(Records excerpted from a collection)
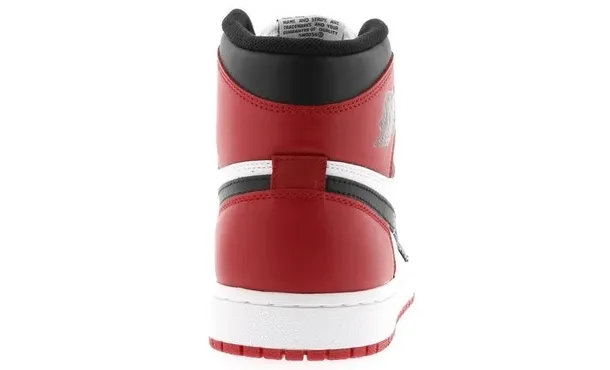 Air Jordan 1 Retro Black Toe (2013)
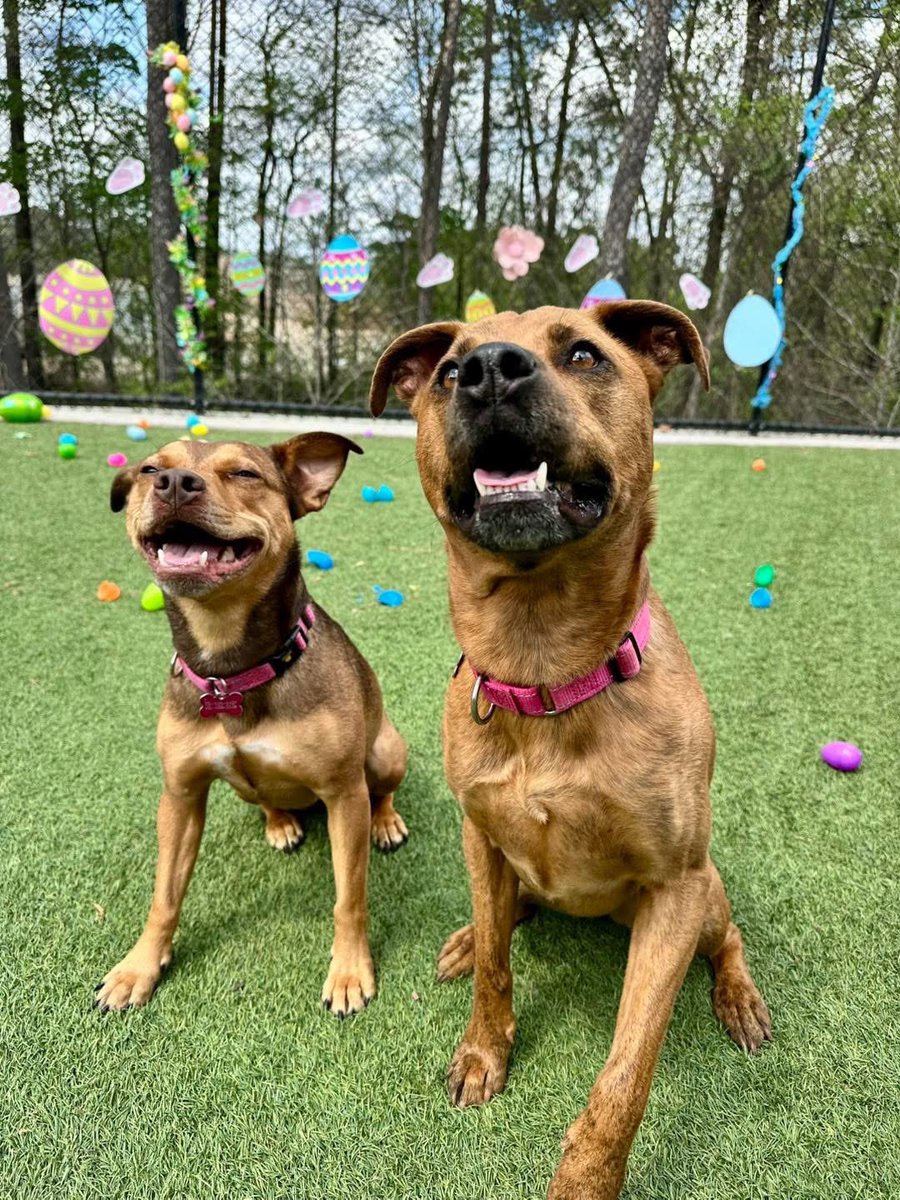 Big Trouble Ben Bishop tweet media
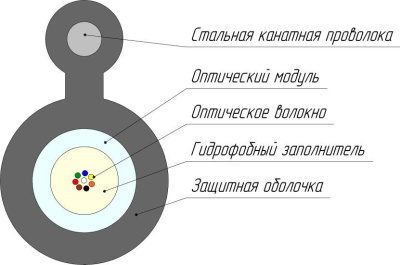 ОКТ ТС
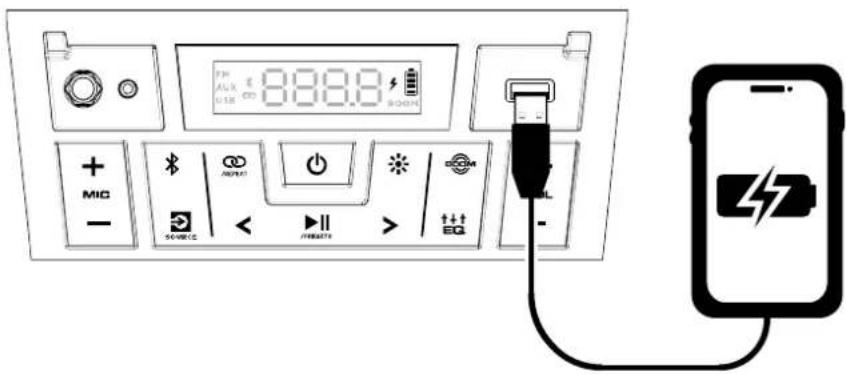 ION Party Boom Plus - Utilisation du port de rechargement USB - 1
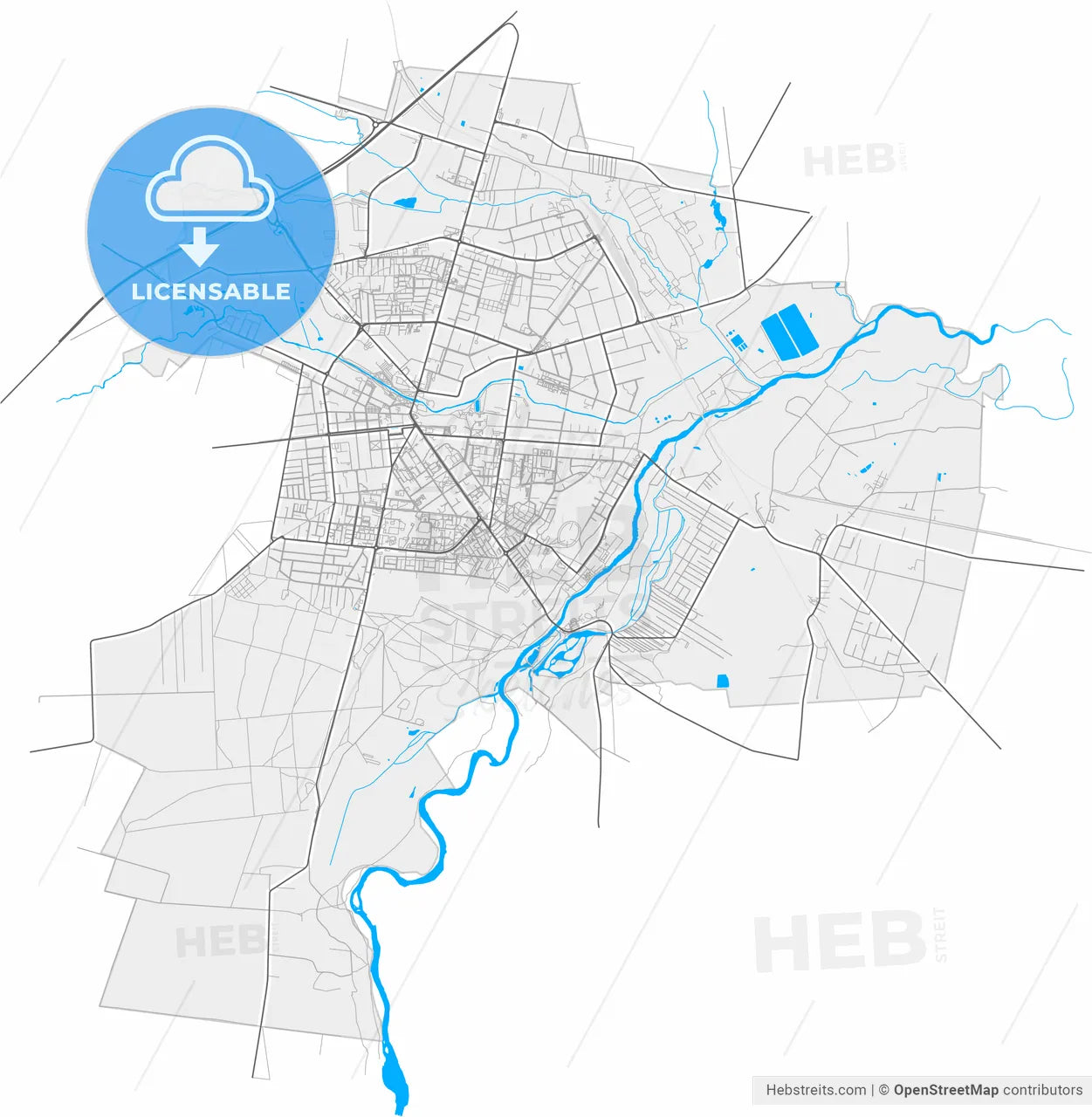 Tomaszów Mazowiecki, Łódź, Poland, high resolution vector map - Instant download PDF and JPG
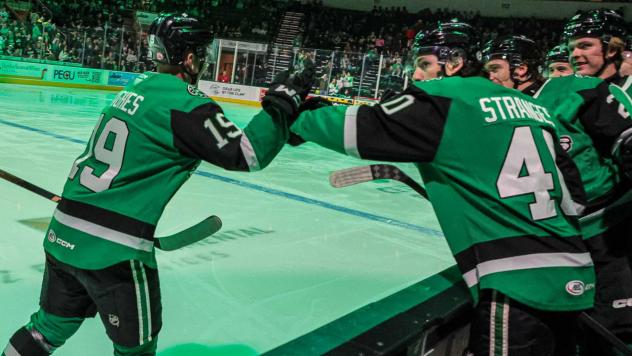 Texas Stars exchange congratulations along the bench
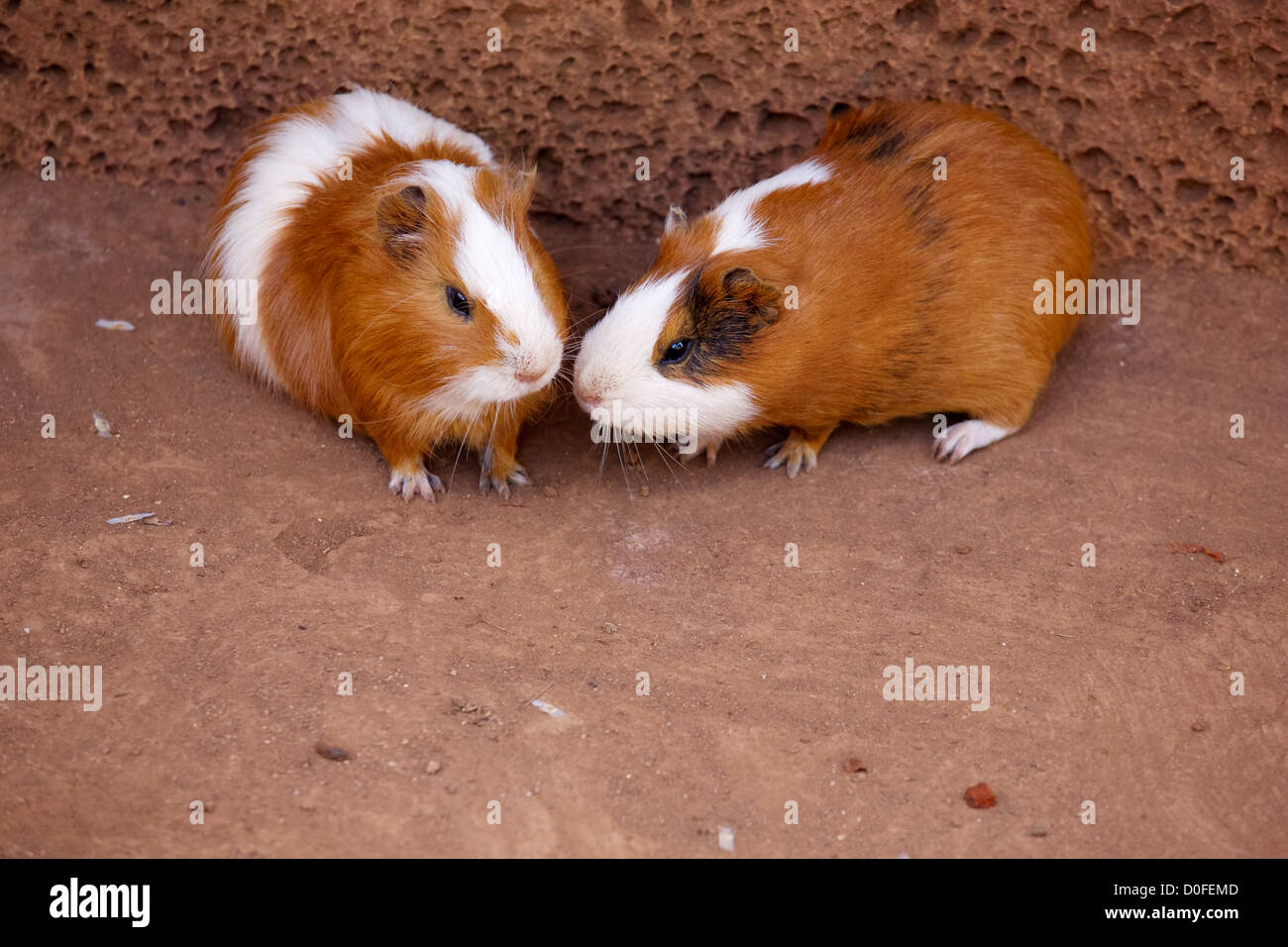 Deux Cavia renifler chaque autres Banque D'Images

> **Activity**
What is needed is a word-for-word copy of the records above, excluding pictures.

> **Output of the task**
 Air Jordan 1 Retro Black Toe (2013)
 Big Trouble Ben Bishop tweet media
 ОКТ ТС
 ION Party Boom Plus - Utilisation du port de rechargement USB - 1
 Tomaszów Mazowiecki, Łódź, Poland, high resolution vector map - Instant download PDF and JPG
 Texas Stars exchange congratulations along the bench
 Deux Cavia renifler chaque autres Banque D'Images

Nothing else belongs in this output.